São Paulo, 18 (AE) - O turismo interno saiu-se bem no carnaval da crise, apesar de a população ter consumido um volume menor de cerveja e ter ido às compras com moderação na última semana. As agências de viagens registraram neste carnaval um aumento de 35% no número de pacotes turísticos nacionais, que englobam a venda de passagens aéreas e a hospedagem em hotéis, em relação a igual período de 1998. Enquanto isso, a venda de pacotes internacionais caiu 40%.
"Foi o melhor carnaval desde o Plano Cruzado, em 1986, o pico de vendas do setor", afirma o presidente da Associação Brasileira de Agentes de Viagens (Abav), Goiaci Alves Guimarães. Com a desvalorização do real, explica, o turismo interno foi beneficiado. É que cerca de 15% de turistas que tinham planejado viajar para o exterior optaram pelos pacotes nacionais, que ficaram neste ano cerca de 25% mais baratos. Isso significa que o faturamento das agências neste carnaval cresceu 5,6% com a venda de pacotes nacionais.

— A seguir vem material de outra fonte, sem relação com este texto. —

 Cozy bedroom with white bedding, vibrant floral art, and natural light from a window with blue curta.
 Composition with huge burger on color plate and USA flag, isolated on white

Em Salvador e no Rio de Janeiro, por exemplo, os hotéis da praia ficaram totalmente ocupados. Em Recife e Fortaleza (CE), os índices de ocupação ficaram em 95% e 89%, respectivamente. É a maior taxa em dez anos.

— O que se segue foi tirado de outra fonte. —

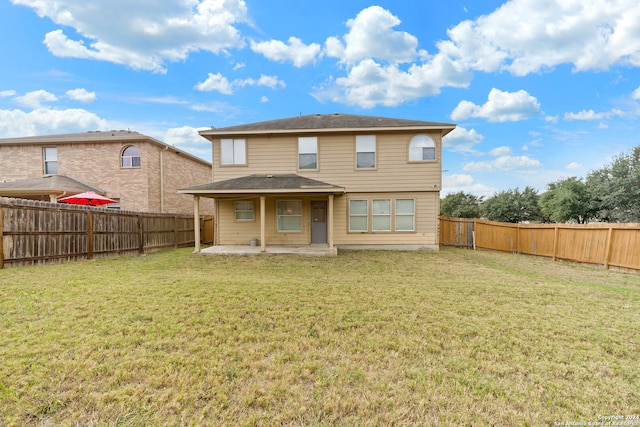 back of property with a yard and a patio area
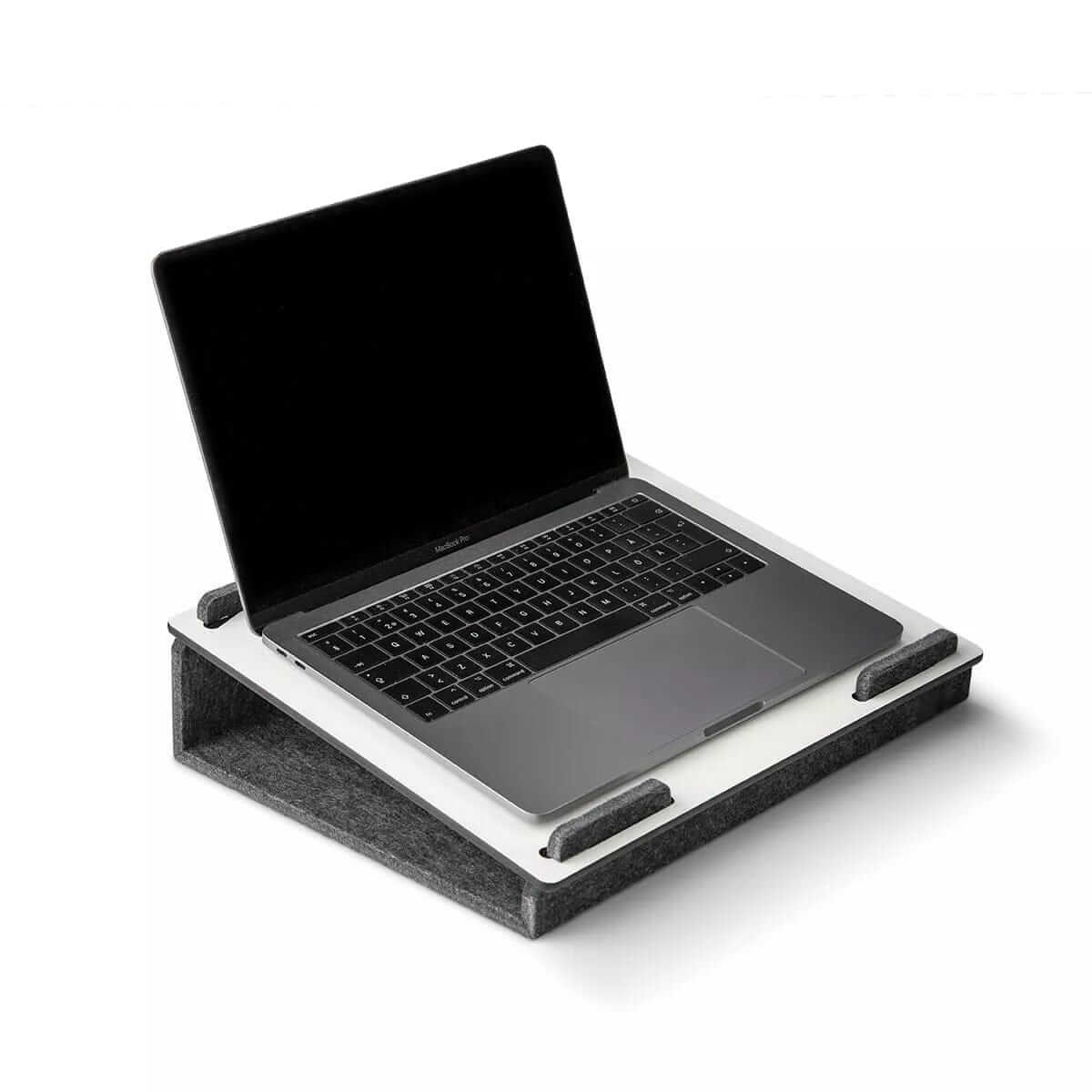 White Läpsteri laptop stand elevating a laptop, showcasing ergonomic design for improved productivity at home or office.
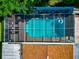 Overhead aerial image of a screened-in pool area with lounge chairs and white inflatable at 5948 Mirror Lake Rd, Sarasota, FL 34238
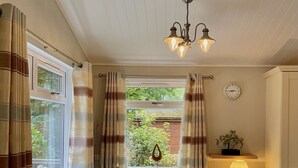 A dining area with a wooden table, white chairs, a chandelier, a window with curtains, and a clock on the wall. - Holiday Lodge in The Cotswolds (Kingham)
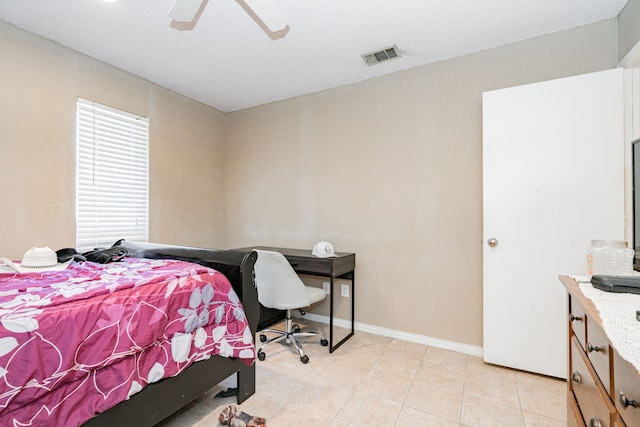 bedroom with ceiling fan and a textured ceiling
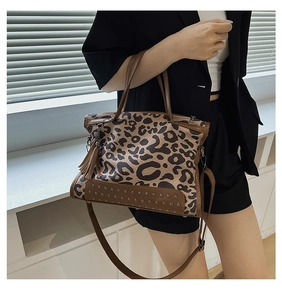 Close-up of leopard print shoulder bag with gold rivets and decorative brown fringe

Guimarães atribui também parte do crescimento à população de menor renda, que, na sua opinião, ainda não acordou para a desvalorização da moeda e optou pelo crediário na compra de pacotes, levando em conta se a prestação é compatível com a renda.
Comerciantes da região da Rua 25 de Março, pólo atacadista de matérias-primas de São Paulo, também ficaram satisfeitos com o crescimento de até 15% na receita da primeira quinzena do mês, comparado com o das duas semanas que antecederam o carnaval de 1998.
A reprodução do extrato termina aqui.